The Bill was summed up in the other place by, I think, the Lord Chief Justice—although it may have been one of the other judges—as something that would produce serious problems of recruitment, judicial staleness and injustice, and not a Bill that should command, in all its aspects, universal support—not only among lawyers but among all who consider the logical and reasonable criticisms that have been levelled against it.
It is obvious that young people in their early years of practice at the Bar, who are trying to pay off a mortgage and who have substantial expenses if they are educating their children, cannot build up private pensions that are adequate to supplement the pension that a judge will earn at the end of his long period of accrual. There are distinctive features of practice at the Bar and on the bench that are not wholly comparable with life outside. For someone who becomes a judge, it is a whole new profession begun in late middle age. That is the real anomaly about the judiciary, not the fact that the accrual rates vary from one sort of judge to another.
I do not believe that the Government have given enough attention to the judiciary's concern about the future of the judicial profession, and about how much more difficult it will be in the new, hectic litigious world to find judges of calibre and to attract them. If they are of great calibre and are attracted, the calibre of the Bar will be depleted; if they are of calibre and lose their calibre, they will be encouraged to stay on past their sell-by date—their date of efficiency—to qualify for a pension.
Let me make a point that I did not make in my earlier speech, when I was trying to speak as briefly as possible in order not to weary the House. I was stunned by both the comments of the hon. Member for Brent, South and those of my hon. Friend the Minister about women. How on earth can we pretend that we are creating a system in which women will find it more attractive to be judges, while ensuring that, by the time they get on to the bench and have served a period as judge, they will not be able to earn a full pension unless they stay on for much longer than they need or ought to? In the early stages of their lives, such women may have raised families. They may have been out of Bar practice for years, while others will have been accruing private pensions to be added to the pensions that they will receive as judges.

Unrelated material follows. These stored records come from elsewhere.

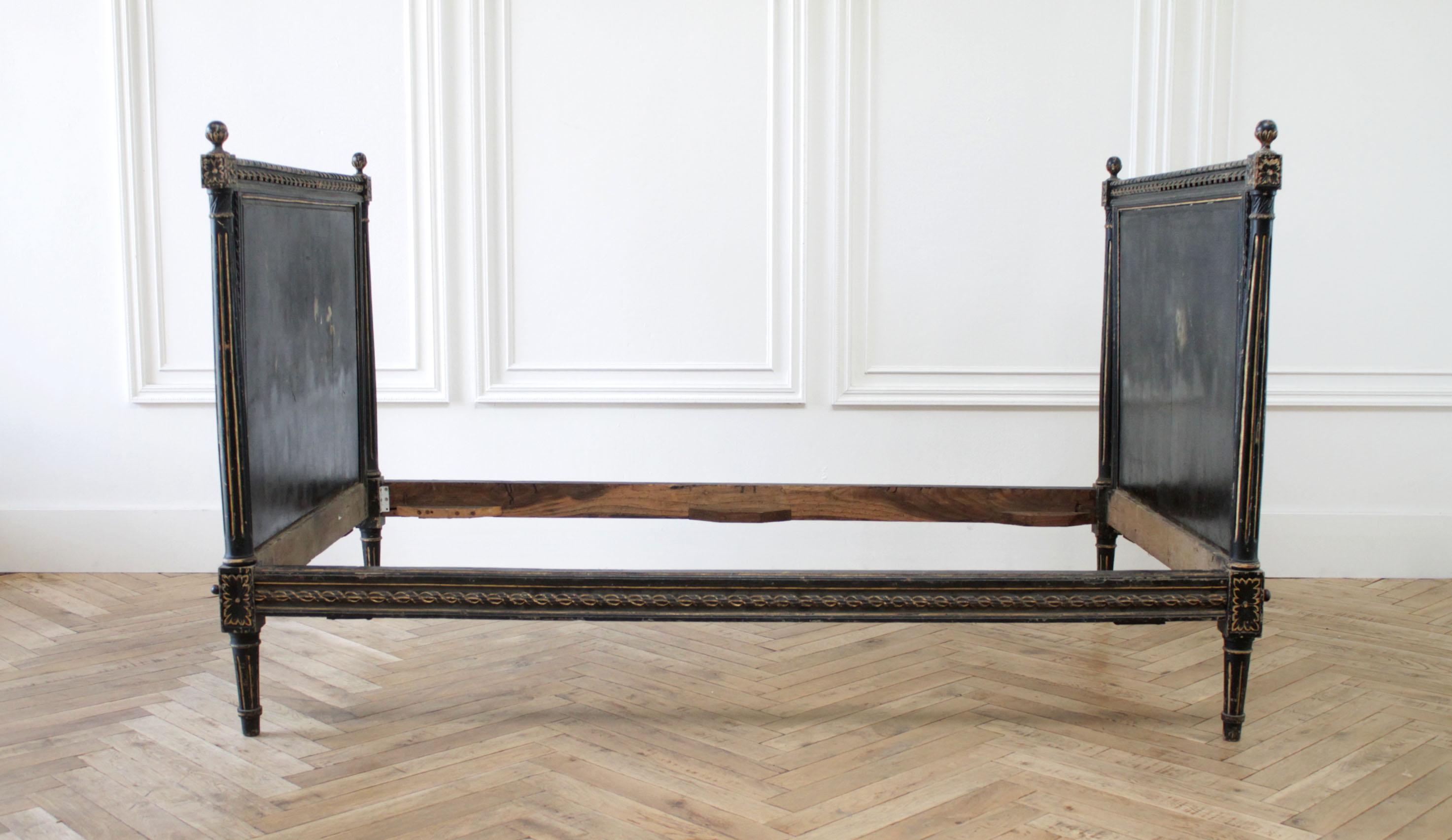 Antique Louis XVI style painted French daybed
Original black paint with faded and distressed patina. Original rails, one rail is a decorative rail with carvings that would be showing and the other is a plain rails which would've been placed against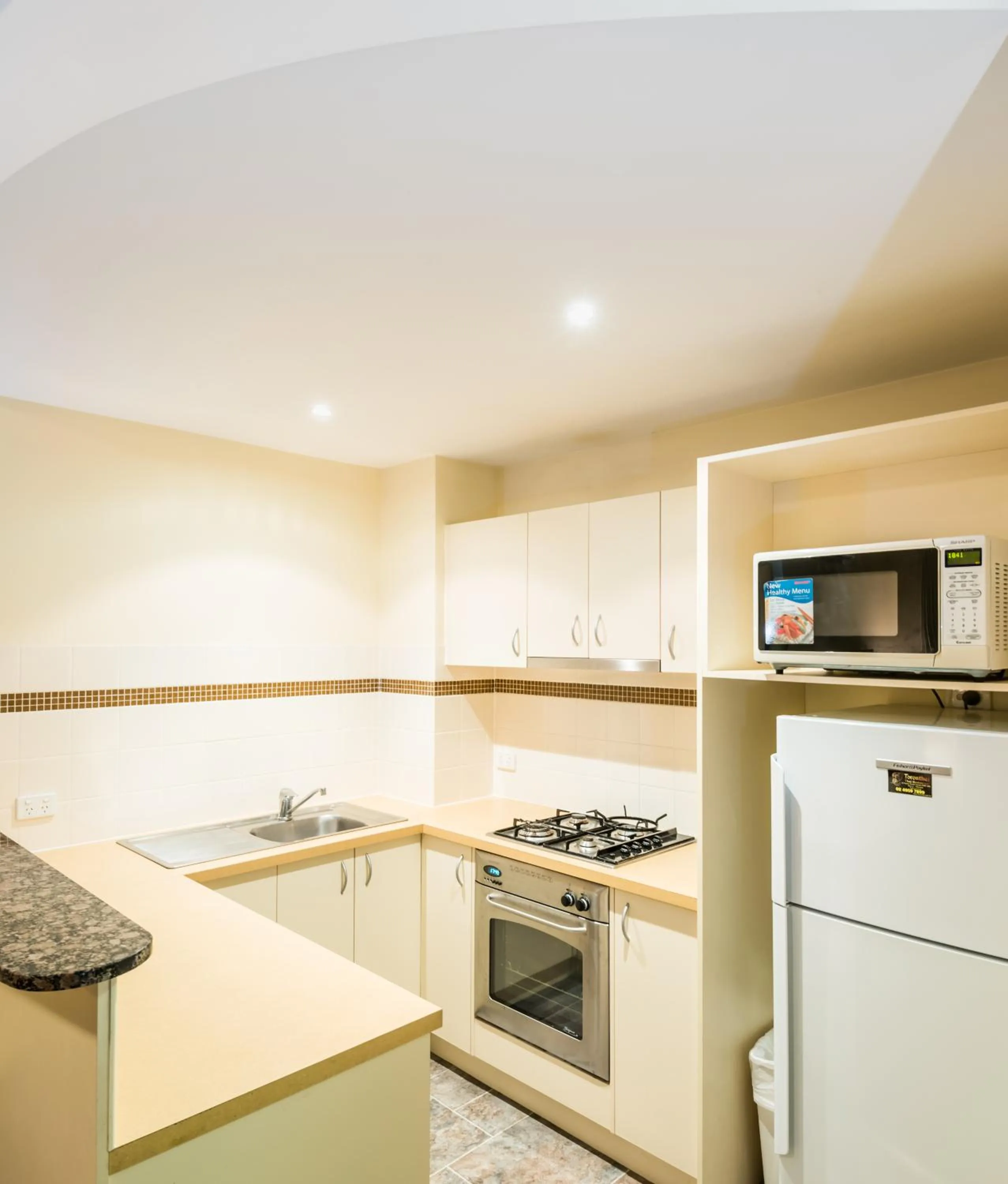 Kitchen or kitchenette in The Brighton Apartments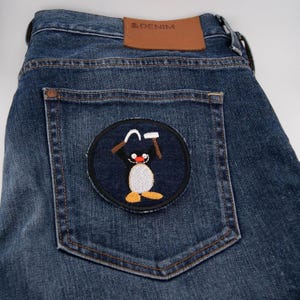 May include: Blue denim jeans with a cartoon penguin patch on the back pocket. The patch features a white penguin with a red nose and orange feet, holding tools. A brown leather patch with "& DENIM" is visible.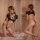 Woman modeling black seductive maid costume lingerie set with cutout details, posing in bedroom setting.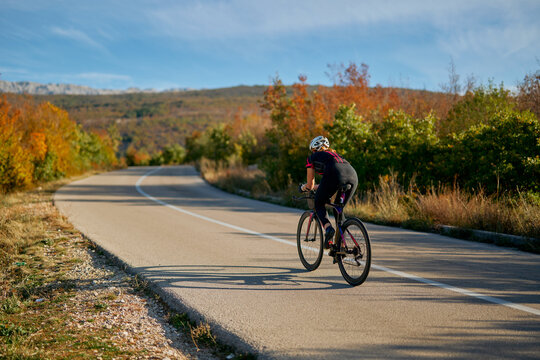 Road Cyclist Training Through Autumn Countryside On Empty Winding Road For Endurance Fitness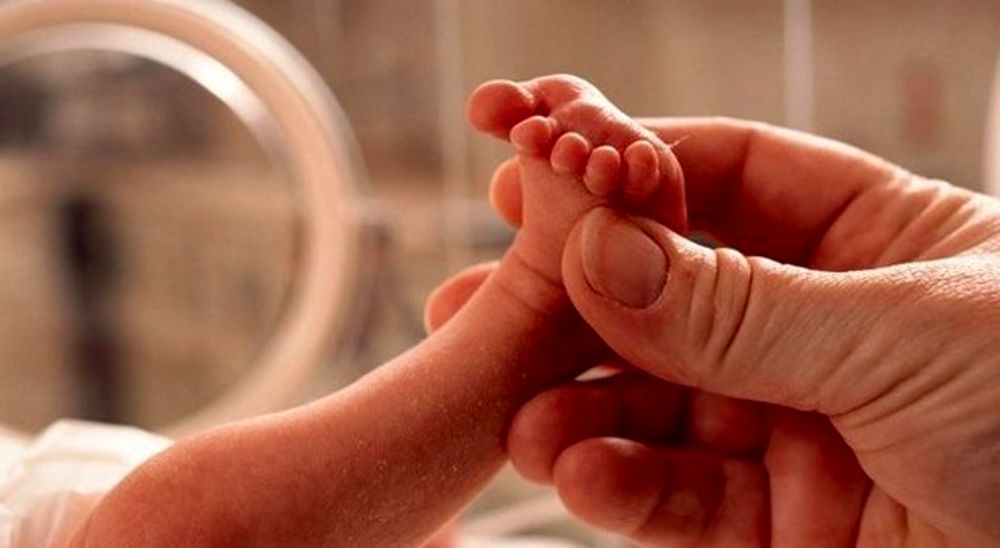 Cina: La mano della mamma accarezza il piedino del neonato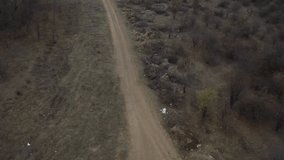 Backward flight over mud road aerial 4K video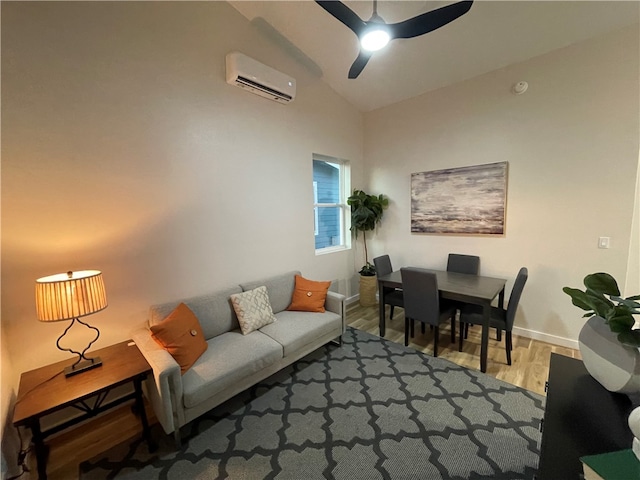 living room with ceiling fan, wood-type flooring, an AC wall unit, and lofted ceiling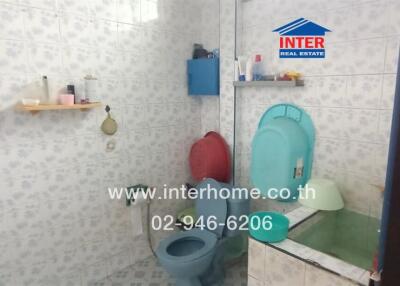 Bathroom with blue toilet, sink, mirror, and various toiletries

100 What on earth will be the temptation for those women to follow the judicial path later in life, knowing that they will be so much worse off finanically at the end? It is all very well having pious ideas about how, in the future, there will be more women barristers—if they can find chambers and stay at the Bar, and if they have not been channelled into some other occupation, such as the Crown prosecution service or the solicitors' profession, because it is no longer particularly attractive to stay at the Bar—if they are then given a disincentive to follow a judicial career because their incomes will be reduced from the moment that they take a pension.
Actuaries may look at their figures; Governments, with the help of the Treasury, may examine their financial disbursements. Ultimately, however, we must have a judicial system that contains the best people. We want a judicial system with women—and women will not be encouraged to become judges as a result of proposals such as this.
I wish the Bill godspeed, but I wish that my hon. Friend and the Lord Chancellor had given more serious consideration to the criticisms levelled against it by the most senior judges in the land. They were not talking nonsense. I hope that, when we look back on the legislation in a few years' time, we shall have no cause to regret the decisions that my hon. Friend and the Government have made—quite stubbornly—to proceed with their original plan.
Question put and agreed to.
Bill read the Third time, and passed, with amendments.